I just finished watching a lamentably pan-and-scanned version of Copying Beethoven on Netflix. This movie made my ears prick up when it was released five or so years ago, because I'm a Beethoven fiend, but lackluster reviews placed it on my Eternal Backburner.
Having finally seen it, I can say that it is very tastefully directed. I mean that in the most insulting possible sense. That's not to say it's a bad movie, exactly. It's just tasteful in that dull Oscar-bait way. As I was watching it, watching the extremely competent cinematography and the yeoman set design and costume work and highly professional acting, I wondered to myself, "why is this not cinema? What is going on here, directorially, to keep it mediocre?" And I'm not sure. It's really rather a well-made film. It just can't get out from under its own Mirimax-ness, its own late-November-Oscar-Movie-ness. Which is a pity because Ed Harris embodies Beethoven better than I thought he would, bringing coarse vulgarity, brute physicality, and childlike enthusiasm to the role. He is a better, more rounded Beethoven than Immortal Beloved's Gary Oldman, though the latter more precisely resembles the famous stormy portraits. The shaggy middle-aged uncouth artist is hardly a new trope (think Nick Nolte in New York Stories), but here and there I saw moments where I imagined, yes, that is probably just what Beethoven looked like walking down the street or crouching over his piano with a weird ear-horn on his head. So I cherish that. Because, as I said, I'm a Beethoven fiend.
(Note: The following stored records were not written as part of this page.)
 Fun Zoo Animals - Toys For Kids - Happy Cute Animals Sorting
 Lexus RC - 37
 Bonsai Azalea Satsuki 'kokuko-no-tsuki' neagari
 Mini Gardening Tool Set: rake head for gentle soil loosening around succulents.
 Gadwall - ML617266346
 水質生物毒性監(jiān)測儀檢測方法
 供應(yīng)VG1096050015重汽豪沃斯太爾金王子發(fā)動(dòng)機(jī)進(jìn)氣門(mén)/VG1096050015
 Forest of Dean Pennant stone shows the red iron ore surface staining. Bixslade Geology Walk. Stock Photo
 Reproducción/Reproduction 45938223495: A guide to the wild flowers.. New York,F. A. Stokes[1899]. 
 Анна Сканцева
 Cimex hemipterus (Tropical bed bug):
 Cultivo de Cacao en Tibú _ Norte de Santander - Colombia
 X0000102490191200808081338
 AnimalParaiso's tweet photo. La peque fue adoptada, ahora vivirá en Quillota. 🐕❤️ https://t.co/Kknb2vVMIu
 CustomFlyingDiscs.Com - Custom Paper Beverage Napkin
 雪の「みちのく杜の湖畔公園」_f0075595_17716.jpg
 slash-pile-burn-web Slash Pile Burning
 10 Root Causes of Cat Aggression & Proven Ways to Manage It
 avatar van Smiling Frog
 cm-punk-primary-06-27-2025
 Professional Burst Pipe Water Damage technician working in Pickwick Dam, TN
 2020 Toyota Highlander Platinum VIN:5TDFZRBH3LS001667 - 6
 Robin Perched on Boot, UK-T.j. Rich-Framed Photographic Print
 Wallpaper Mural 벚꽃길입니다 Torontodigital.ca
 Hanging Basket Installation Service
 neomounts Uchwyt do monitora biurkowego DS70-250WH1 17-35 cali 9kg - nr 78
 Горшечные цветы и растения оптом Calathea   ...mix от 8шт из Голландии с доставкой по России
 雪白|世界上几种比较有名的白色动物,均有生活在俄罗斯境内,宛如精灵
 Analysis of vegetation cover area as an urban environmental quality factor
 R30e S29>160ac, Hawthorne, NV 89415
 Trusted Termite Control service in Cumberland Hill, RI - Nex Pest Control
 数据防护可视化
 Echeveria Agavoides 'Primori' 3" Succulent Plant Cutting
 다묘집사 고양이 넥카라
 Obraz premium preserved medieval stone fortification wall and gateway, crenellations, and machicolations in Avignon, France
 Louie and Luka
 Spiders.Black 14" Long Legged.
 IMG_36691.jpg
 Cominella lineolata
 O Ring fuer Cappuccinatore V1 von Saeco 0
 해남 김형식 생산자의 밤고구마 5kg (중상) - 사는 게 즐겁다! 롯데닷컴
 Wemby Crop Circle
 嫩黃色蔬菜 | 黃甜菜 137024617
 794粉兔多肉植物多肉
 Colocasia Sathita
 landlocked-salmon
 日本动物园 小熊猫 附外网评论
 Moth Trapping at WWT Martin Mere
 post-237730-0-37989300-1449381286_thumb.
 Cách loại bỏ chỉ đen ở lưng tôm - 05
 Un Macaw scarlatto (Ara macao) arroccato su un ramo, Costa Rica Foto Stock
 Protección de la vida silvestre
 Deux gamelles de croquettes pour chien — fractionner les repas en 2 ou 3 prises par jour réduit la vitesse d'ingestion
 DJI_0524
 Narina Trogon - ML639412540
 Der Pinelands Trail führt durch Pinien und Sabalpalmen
But on the blu-ray player to my left, on the bigscreen, simultaneously, was John Huston's The Treasure of the Sierra Madre. And I swiveled back and forth between these two movies, thinking 'cinema - not cinema' and then questioning that thought. Do I respect the Huston more simply because I was told, growing up, that I ought to? But here's the thing about it: it's written visually in a way that Copying Beethoven, for all its staid competence, is not. The shots in Sierra Madre hardly ever require the assistance of audio to make narrative sense -- it works as a silent almost as well as it works as a talkie. And there's a rough-hewn, engraven quality to that imagery; certain stills might have been pulled out of a Durer sketchbook, if Durer had ever gone to Mexico. Look at the shot in which Bogart, having gone mad with lust of wealth, tries to fall asleep all alone in camp and is overtaken by foregrounded flames that with supreme obviousness signify Hell. The bright paranoiac gleam in Bogie's eyes, set against the dark grime of his face, burns itself into your consciousness by its very unreality. Fred C. Dobbs is a caricature, but a supreme caricature; we ridicule that dialogue, that tone of voice, to this day, because we can't divest ourselves of it. Yes, the flames are incredibly on-the-nose, but what of it? You remember them; and, as Harold Blum once praised Tolstoy's 'Hadji Murad' for its 'finely obvious' quality, I feel justified in doing the same for Sierra Madre.
Copying Beethoven ends with a shot of heroine Diane Kruger -- Beethoven's copyist, natch -- walking into a magic-hour meadow in a shot that might have been taken in 1978 and directed by Terence Malick. So there's that. For the rest, it's not really a movie you need to see unless you're a Beethoven fiend or an Ed Harris fiend. Being both myself, I don't regret the ninety minutes spent.